Given records Start Marker

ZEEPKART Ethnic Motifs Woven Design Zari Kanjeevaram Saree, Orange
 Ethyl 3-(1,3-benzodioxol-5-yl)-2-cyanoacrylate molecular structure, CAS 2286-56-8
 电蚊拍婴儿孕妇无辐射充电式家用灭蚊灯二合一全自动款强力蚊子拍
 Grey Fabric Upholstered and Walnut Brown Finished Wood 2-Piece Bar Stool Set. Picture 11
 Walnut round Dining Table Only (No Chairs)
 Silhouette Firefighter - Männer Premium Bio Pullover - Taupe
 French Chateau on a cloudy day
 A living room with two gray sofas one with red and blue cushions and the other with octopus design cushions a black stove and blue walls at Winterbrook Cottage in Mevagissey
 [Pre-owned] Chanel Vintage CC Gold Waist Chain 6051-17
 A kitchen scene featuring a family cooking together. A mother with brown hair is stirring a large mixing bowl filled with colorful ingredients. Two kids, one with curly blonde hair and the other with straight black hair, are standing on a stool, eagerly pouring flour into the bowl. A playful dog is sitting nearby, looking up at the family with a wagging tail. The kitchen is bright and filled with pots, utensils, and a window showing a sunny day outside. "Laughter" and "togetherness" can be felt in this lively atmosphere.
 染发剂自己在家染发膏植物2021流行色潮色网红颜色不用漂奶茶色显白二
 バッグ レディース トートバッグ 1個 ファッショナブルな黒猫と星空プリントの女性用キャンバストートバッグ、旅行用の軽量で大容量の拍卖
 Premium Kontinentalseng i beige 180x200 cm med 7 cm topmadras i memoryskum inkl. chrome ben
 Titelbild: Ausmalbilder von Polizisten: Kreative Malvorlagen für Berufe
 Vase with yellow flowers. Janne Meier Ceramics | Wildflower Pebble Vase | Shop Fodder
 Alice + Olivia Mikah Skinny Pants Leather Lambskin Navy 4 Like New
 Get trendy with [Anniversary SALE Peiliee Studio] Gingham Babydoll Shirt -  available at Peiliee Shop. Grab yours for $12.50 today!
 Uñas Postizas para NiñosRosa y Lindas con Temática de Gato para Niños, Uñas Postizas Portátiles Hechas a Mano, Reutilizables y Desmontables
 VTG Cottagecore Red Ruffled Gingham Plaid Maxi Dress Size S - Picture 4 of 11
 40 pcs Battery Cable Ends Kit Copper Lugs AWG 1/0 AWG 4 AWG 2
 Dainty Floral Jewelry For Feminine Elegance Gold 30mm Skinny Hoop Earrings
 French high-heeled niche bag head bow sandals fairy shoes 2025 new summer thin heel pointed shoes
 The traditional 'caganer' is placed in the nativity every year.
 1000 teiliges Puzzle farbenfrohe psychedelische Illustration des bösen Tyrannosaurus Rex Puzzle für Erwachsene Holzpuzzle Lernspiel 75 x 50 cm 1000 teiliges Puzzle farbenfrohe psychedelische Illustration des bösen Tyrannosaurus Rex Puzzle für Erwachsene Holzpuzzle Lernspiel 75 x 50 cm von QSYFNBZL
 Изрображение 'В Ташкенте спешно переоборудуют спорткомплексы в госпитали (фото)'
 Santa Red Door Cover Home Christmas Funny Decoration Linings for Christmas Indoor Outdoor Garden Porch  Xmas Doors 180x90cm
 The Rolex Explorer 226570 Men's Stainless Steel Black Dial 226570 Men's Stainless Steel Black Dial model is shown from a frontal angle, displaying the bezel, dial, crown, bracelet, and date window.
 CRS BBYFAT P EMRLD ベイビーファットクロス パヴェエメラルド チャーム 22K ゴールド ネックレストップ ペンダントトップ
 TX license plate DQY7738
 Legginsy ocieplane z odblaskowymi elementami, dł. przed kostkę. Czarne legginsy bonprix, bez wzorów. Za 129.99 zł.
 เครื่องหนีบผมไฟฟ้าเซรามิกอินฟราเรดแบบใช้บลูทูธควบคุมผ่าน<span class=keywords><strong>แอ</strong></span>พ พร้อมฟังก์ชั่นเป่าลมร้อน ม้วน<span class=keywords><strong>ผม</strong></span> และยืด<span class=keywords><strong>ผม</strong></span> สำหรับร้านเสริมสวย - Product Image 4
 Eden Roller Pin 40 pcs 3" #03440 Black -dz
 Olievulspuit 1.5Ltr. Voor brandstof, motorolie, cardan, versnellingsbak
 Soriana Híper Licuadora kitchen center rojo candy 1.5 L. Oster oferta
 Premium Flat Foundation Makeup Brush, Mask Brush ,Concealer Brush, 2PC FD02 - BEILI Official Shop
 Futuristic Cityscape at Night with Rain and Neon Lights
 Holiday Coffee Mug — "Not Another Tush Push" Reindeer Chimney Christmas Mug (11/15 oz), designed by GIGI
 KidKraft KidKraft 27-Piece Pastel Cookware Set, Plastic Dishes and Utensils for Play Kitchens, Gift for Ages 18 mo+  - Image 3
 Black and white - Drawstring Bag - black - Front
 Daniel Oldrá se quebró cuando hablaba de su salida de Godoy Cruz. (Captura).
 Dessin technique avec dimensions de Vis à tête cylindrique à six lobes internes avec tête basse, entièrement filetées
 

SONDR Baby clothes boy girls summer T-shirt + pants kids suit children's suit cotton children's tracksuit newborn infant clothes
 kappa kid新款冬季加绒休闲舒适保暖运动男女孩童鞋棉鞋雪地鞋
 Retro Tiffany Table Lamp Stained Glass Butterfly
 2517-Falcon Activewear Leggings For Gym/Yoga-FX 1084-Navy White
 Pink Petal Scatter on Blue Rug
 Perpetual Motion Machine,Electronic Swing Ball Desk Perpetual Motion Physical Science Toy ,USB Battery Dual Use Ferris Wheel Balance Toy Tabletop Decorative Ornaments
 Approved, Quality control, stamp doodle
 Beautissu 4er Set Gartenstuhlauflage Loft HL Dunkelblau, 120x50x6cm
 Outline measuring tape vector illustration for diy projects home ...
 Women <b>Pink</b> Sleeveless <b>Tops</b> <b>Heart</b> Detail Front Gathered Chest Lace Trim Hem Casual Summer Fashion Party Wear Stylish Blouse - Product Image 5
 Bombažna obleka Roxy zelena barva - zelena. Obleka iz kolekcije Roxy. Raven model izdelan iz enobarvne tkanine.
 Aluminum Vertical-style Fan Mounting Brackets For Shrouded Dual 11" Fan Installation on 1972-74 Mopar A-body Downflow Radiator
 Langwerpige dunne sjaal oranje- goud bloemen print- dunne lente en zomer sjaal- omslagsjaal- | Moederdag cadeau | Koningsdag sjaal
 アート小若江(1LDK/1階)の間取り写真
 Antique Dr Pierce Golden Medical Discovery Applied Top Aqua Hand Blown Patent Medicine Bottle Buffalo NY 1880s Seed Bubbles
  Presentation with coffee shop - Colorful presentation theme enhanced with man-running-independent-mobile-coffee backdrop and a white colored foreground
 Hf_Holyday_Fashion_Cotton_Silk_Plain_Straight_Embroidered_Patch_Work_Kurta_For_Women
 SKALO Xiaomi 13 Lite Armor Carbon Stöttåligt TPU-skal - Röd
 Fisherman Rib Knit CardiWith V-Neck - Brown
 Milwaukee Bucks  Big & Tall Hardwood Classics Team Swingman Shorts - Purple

Given records End Marker

** Problem requirements **
All that is wanted is a faithful reproduction of the line above with "KidKraft KidKraft 27-Piece", the line with "Dessin technique avec", and every line in between.

** Exercise answer **
 KidKraft KidKraft 27-Piece Pastel Cookware Set, Plastic Dishes and Utensils for Play Kitchens, Gift for Ages 18 mo+  - Image 3
 Black and white - Drawstring Bag - black - Front
 Daniel Oldrá se quebró cuando hablaba de su salida de Godoy Cruz. (Captura).
 Dessin technique avec dimensions de Vis à tête cylindrique à six lobes internes avec tête basse, entièrement filetées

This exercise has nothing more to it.